C’est l’heure du repas dans Unity (Crédits : NASA)

Il s’agit du module le plus ancien du segment américain, et cela peut se comprendre en observant l’état des murs qui ont subi l’attaque des dizaines d’astronautes inexpérimentés qui y ont pris la plupart de leurs repas. Encore maintenant, le Node-1 est le principal point de rencontre pour l’équipage, et le passage obligatoire d’un segment à l’autre. Ici aussi, une table a été installée : c’est la moitié manquante de celle qui se trouve dans le module Russe (dont j’ai parlé dans le blog précédent), démontée et remontée il y a plusieurs expéditions de cela avec l’esprit et l’art du « do it yourself » spatial. Les quatre murs autour de la table sont entièrement utilisés comme rangement. Le sol, en particulier, contient la « boite à outils » de la Station, il est donc normal de voir un astronaute sélectionner des outils pour le travail ou en ranger une fois le travail terminé. Toutes les parois sont en matière plastique de couleur blanche, à l’exception des structures des quatre cotés des trappes qui sont de couleur rose, pour les distinguer du Lab (de couleur bleu) et du Node-2 (de couleur grise). La seconde baie du Node-1 est formée de quatre trappes d’accès aux modules, mais seulement trois sont liées à d’autres volumes. La quatrième, au zénith, est utilisée pour le stockage, et en ce moment elle est utilisée pour les conteneurs alimentaires (divisés par catégories).

Permanent Multipurpose Module (Module Permanent Polyvalent, Leonardo)
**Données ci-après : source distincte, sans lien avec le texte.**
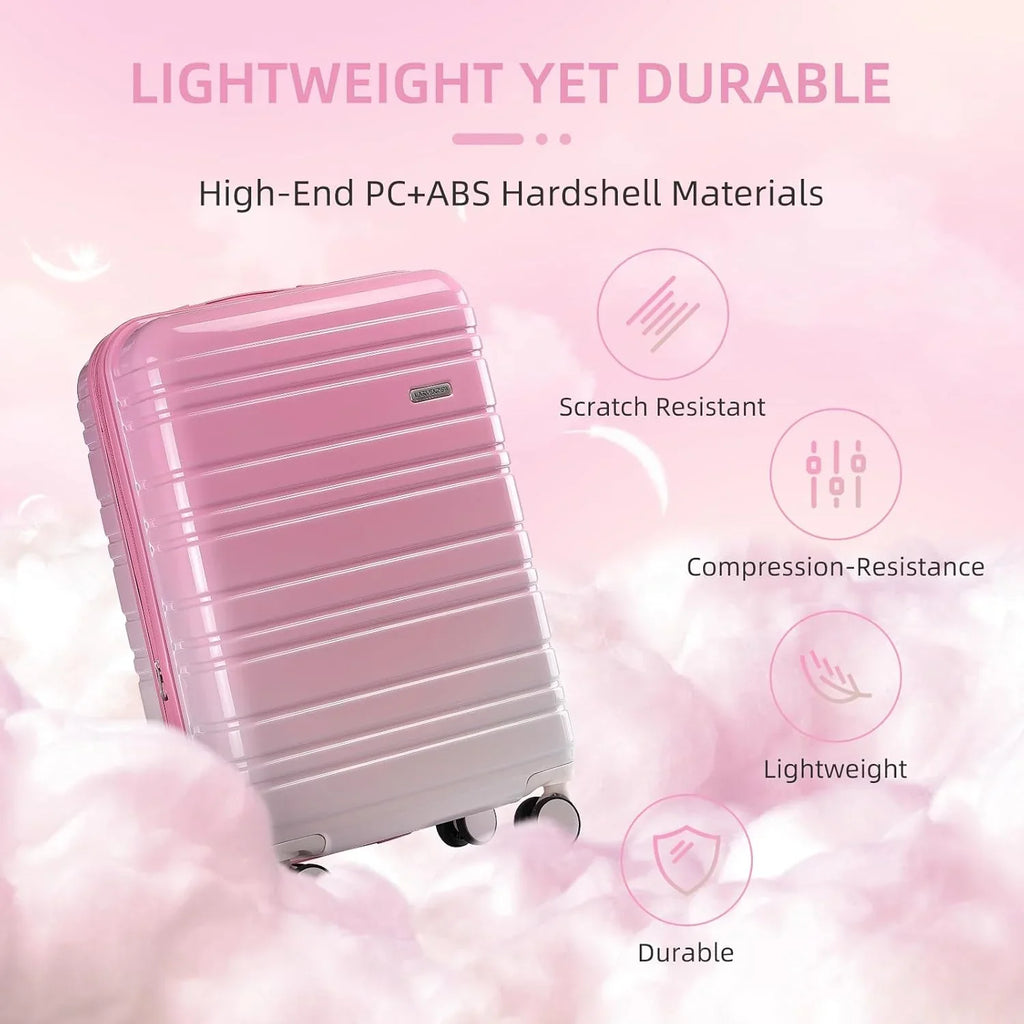 Ensemble de bagages 6 pièces, ensemble de valises rigides extensibles avec roulettes pivotantes, ensemble de bagages à roulettes légers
L’intérieur de Leonardo (Crédits : NASA)

En traversant la trappe coté nadir (i.e. coté Terre) on accède au Permanent Multipurpose Module, ou PMM « Leonardo ». Le nom du module a une histoire particulière : son histoire spatiale commence comme MPLM (l’un des trois modules logistiques construits par l’Agence Spatiale Italienne qui était transporté par la navette spatiale pour ravitailler la station), puis il a ensuite été converti, toujours par l’ASI, en un module de stockage permanent. La sensation de « chute » vers le bas est très forte, et nous avons tous joué à « chuter » dans le PMM pour pouvoir rebondir en poussant sur le fond. Toutes les parois du PMM sont complètement remplies de CTB (les sacs de stockage blancs), de pièces de rechanges et de nourriture. L’un des racks est dédié aux astronautes, qui l’utilisent comme casier personnel : nos vêtements, tous les produits d’hygiène et nos effets personnels se trouvent là.

Airlock (Quest)

Quest Airlock (Crédits : NASA)

Si du Node-1, en regardant dans la direction du vol, je me déplace vers la droite, j’entre dans le sas de sortie. J’ai décrit de nombreuses fois ce module, parce qu’à l’occasion des EVA j’ai passé beaucoup de temps à préparer les combinaisons qui sont toujours installées sur les deux parois du plus grand cylindre, le sas Equipement (Equipment lock), et les outils que j’ai utilisés alors. Même maintenant les deux combinaisons sont là, attendant patiemment le prochain astronaute qui pourra leur donner vie. Le plus petit cylindre – le sas Equipage (Crew Lock) – est utilisé comme stockage du matériel pour les EVA quand il n’est pas utilisé pour les EVA elles-même : nos combinaisons de réserve, le SAFER, le BRT, tous sont accrochés sur ses parois. Le reste du matériel se trouve derrière les quatre parois du sas Equipement: les batteries pour les divers éléments de la combinaison, les filtres pour le CO2, les conteneurs d’eau potable et les outils pour la maintenance des scaphandres. Pour moi, le sas de sortie aura toujours quelque chose de spécial : il est particulièrement silencieux et confortable, parce que plus petit que les autres modules, et j’ai toujours aimé travailler à l’intérieur.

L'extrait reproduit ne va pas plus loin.